I have two applications in an umbrella project:

apps
   source
   web

Here, web is a web server built using Plug and Cowboy and source is a collection of “data-sources” each with a fetch function.

The source application has a simple cache based on single process writing and reading from an ets table. Additionally, each of the sources are gen server data-source processes that serialise operations/writes.

Inside the web application, I want to asynchronously call fetch on each of the data-source processes and merge their results.

Most importantly I want my application to restart itself if there is a catastrophic failure. (i.e. I have already accounted the normal error flow).

Each of the applications have supervisors and the workers are simple enough to be trivially restarted.

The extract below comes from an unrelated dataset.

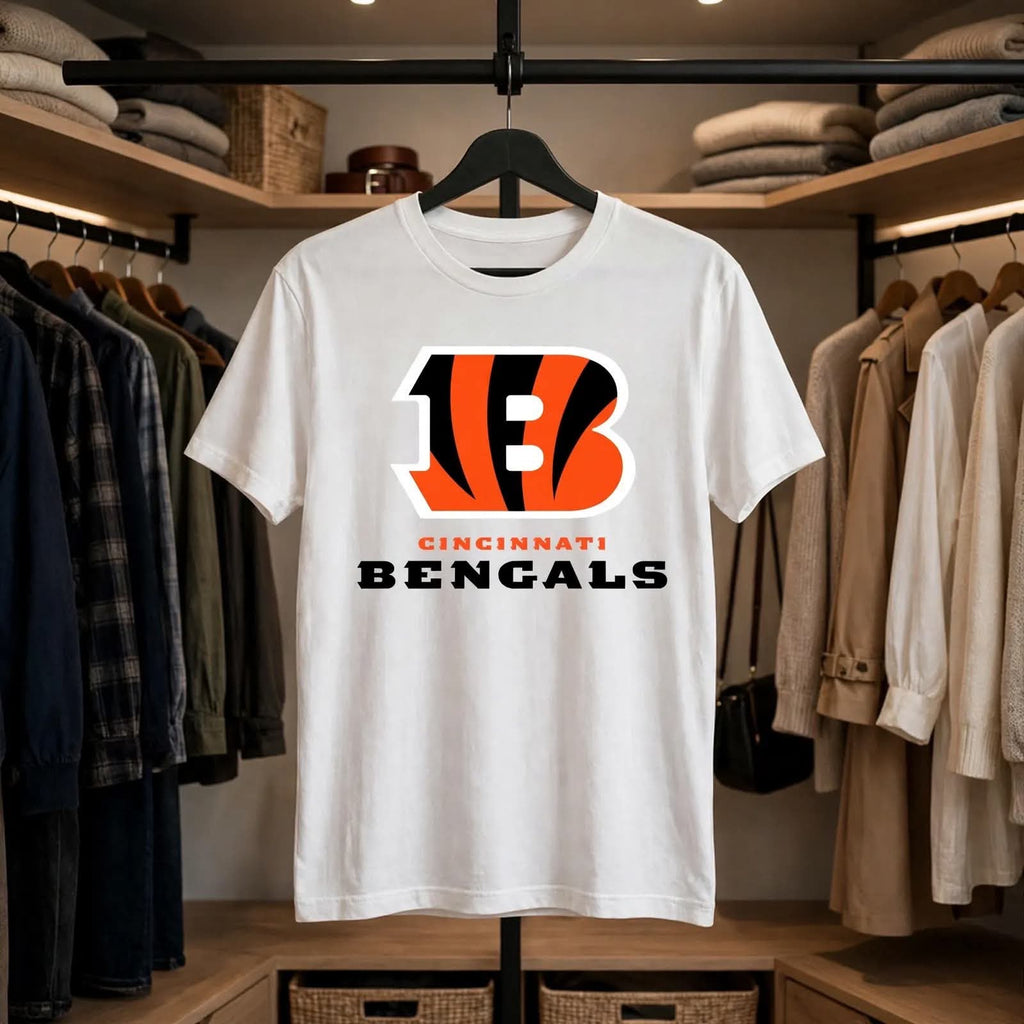 Playera Cincinnati Bengals 100% Algodón Cuello Redondo Manga Corta Premium Unisex Color Blanco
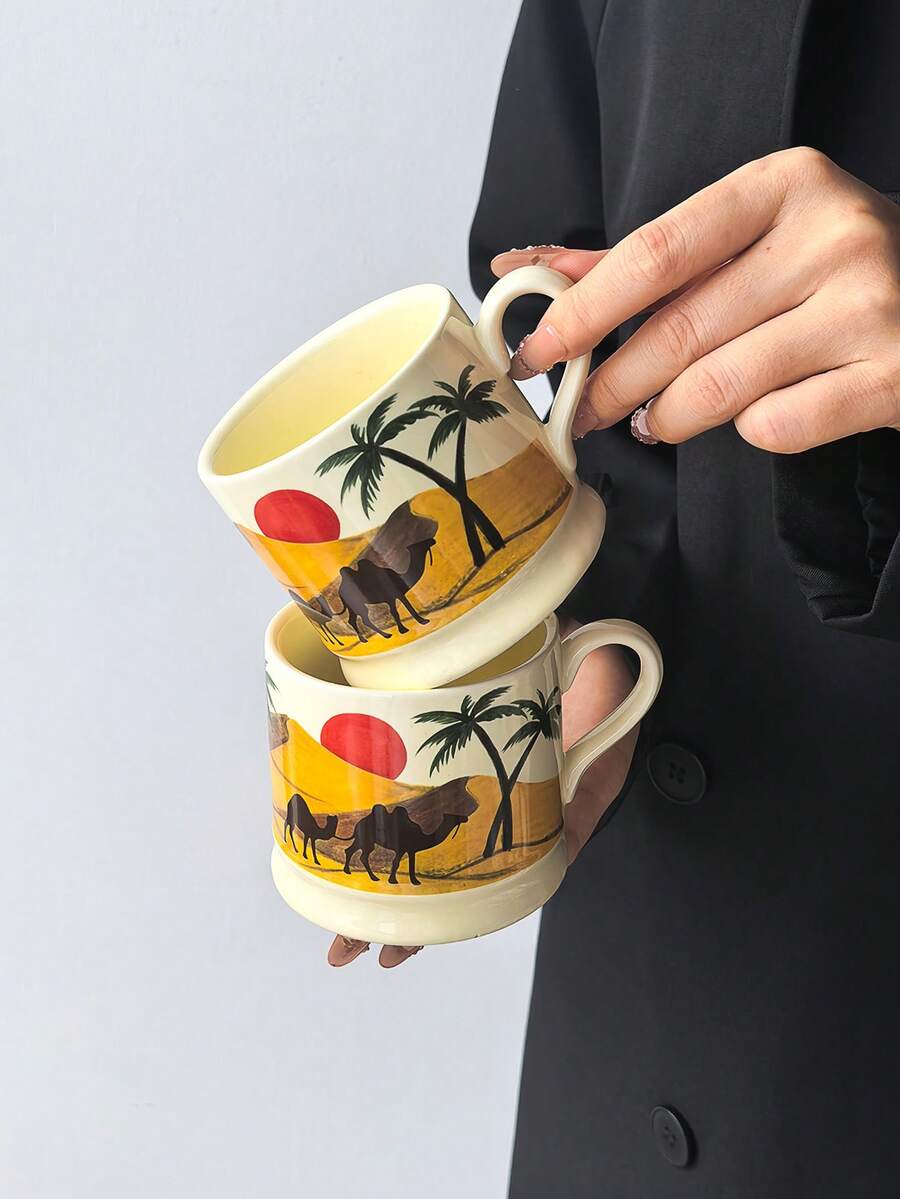 1pc Desert Camel Sunset Ceramic Mug, Middle Eastern Style Arabic Coffee Cup, Palm Tree Pattern Household Breakfast Cup, Water Cup, Tea Cup, Suitable For Brewing Coffee, Tea, Daily Use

However, when I fetch each of the sources like this (the code is in the web application):

@data_sources
|> Enum.map(&Task.async(fn -> &1.fetch(member_id) end))
|> List.foldl(%{}, &Map.merge(&2, Task.await(&1)))
|> Poison.encode!

and spoof an error inside one of the data sources, (i.e. raise “error”) then the whole application crashes and it does not restart as I expect it to. I.e. the web server restarts but the source application does not and I get errors that look like this:

Task #PID<0.360.0> started from #PID<0.357.0> terminating
** (stop) exited in: GenServer.call(DataSource.Foo, {:fetch, "my_id_data"}, 5000)
    ** (EXIT) no process

However, using a task supervisor with async_nolink fixes this issue:

@data_sources
|> Enum.map(&Task.Supervisor.async_nolink(Web.TaskSupervisor, fn -> &1.fetch(member_id) end))
|> List.foldl(%{}, &Map.merge(&2, Task.await(&1)))
|> Poison.encode!

This is what I think is happening:

  • Task.async links to the calling process. Since a data-source process terminates, it also causes both the source application and the cowboy-plug web server to terminate. The supervisor restarts the cowboy-plug web server but it does not restart the source application. (In observer, the cache process in the source application is also destroyed - in fact, the entire source application is brought down)
  • Task.Supervisor.async_nolink does not link to the calling process, leaving the cowboy-plug web server alone, and data-source process gracefully restarts and keeps the cache processes running.

Note, running everything synchronously works as expected:

data_sources
|> Enum.map(fn i-> i.fetch(member_id) end)
|> List.foldl(%{}, &Map.merge(&2, &1))
|> Poison.encode!

I’m trying to understand exactly what the issue could be here and whether Task.Supervisor.async_nolink is the proper approach.

Are you wanting ‘all’ the datasource genserver’s to be restarted when any single one dies, or just the one that dies? You do have them all under a supervisor yes? What do you have your application persistency type set to, :permanent (I think) is what it sounds like you want? Why create a task for each, why not martial the calls through the datasources supervisor, send messages to each genserver to do something with a return ref, wait for all to respond and/or timeout, then return (get data work out of the controller in other words), etc…?